It is the reason the earliest forms of life on Earth were able to pump oxygen, the by-product of photosynthesis, into the atmosphere. It is, to this day, the source of almost all of the energy we use and consume.
And we have only recently reached the point where we can investigate the Sun directly, in fact, in late 2021, the Parker Solar Probe touched the Sun for the first time.
The is a delicate balance of exploding nuclear fusion and constricting gravity, a balance that was struck many millions of years ago when the Sun first formed.
Stars can go one of three ways when they form in solar nebulae. They can, like ours, gather enough material that it almost perfectly balances the internal pressures off nuclear fusion within their cores. This is known as a Main Sequence star, and they are stable for billions of years as they chew through their not quite endless supply of fuel.

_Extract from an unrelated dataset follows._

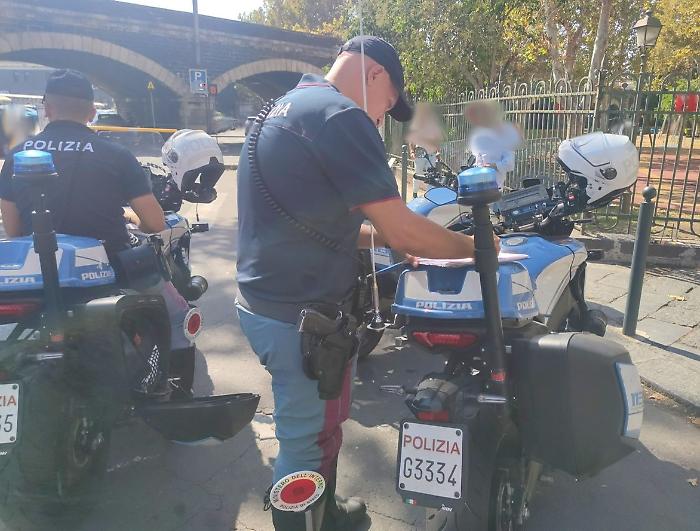 Fuga in moto rubata tra via Dusmet e piazza Borsellino: arrestato un 46enne catanese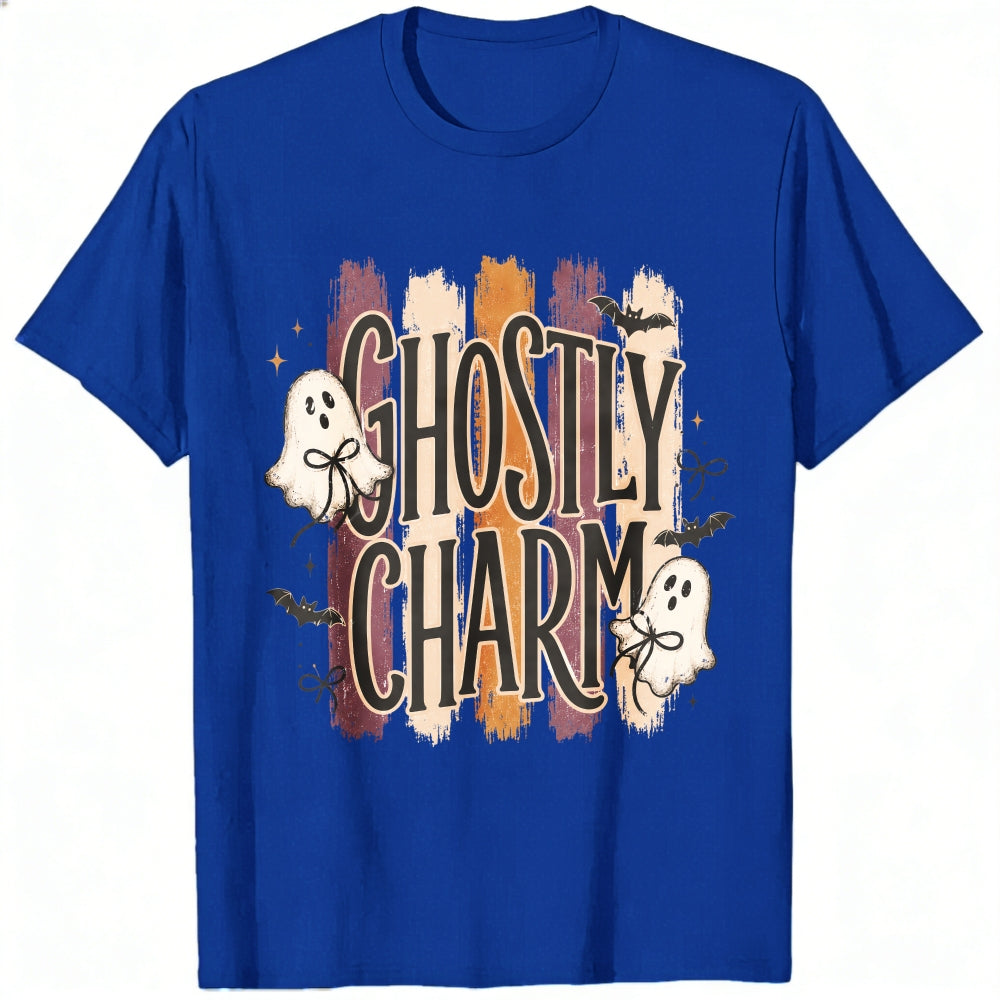 Halloween Ghostly Charm Classic T-Shirt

What if the protostar doesn’t gather enough material in the solar nebula to itself? If it never reaches the critical point of ignition (which is 0.08 the mass of our Sun), then the star is considered a Brown Dwarf. In short, there wasn’t enough hydrogen and pressure at its core to generate the heat needed for nuclear fusion on the scale that is required for a stable main sequence star.
‘A light that burns twice as bright burns half as long’.
This quote, adapted from Taoism and popularised in the movie Bladerunner, applies perfectly to the final type of star, the giants. If a solar nebula has enough available fuel the core will burn hot enough that it runs out of hydrogen and helium and begins to burn heavier elements like lithium and carbon. Once a star hits this point it has effectively run out of fuel, but its mass is incredibly large and without the outward pressure of nuclear fusion, it will collapse under its own gravitational pull.
The result is a supernova which are some of the largest explosions in the Universe.
Our star will run out of hydrogen one day and when that happens the helium filled core will continue to be compressed by gravity, but the lighter, outer layers of the Sun will expand until it consumes all of the inner planets, including Earth. At this point the Sun will have moved into one of the final stages of its lifecycle, a Red Giant. As fusion continues and the Sun burns carbon and lithium, reactions that don’t create anywhere as near as much energy as hydrogen burning, the Sun will collapse and take its final form, a White Dwarf, surrounded by an ephemeral aura of gas known as a planetary nebula.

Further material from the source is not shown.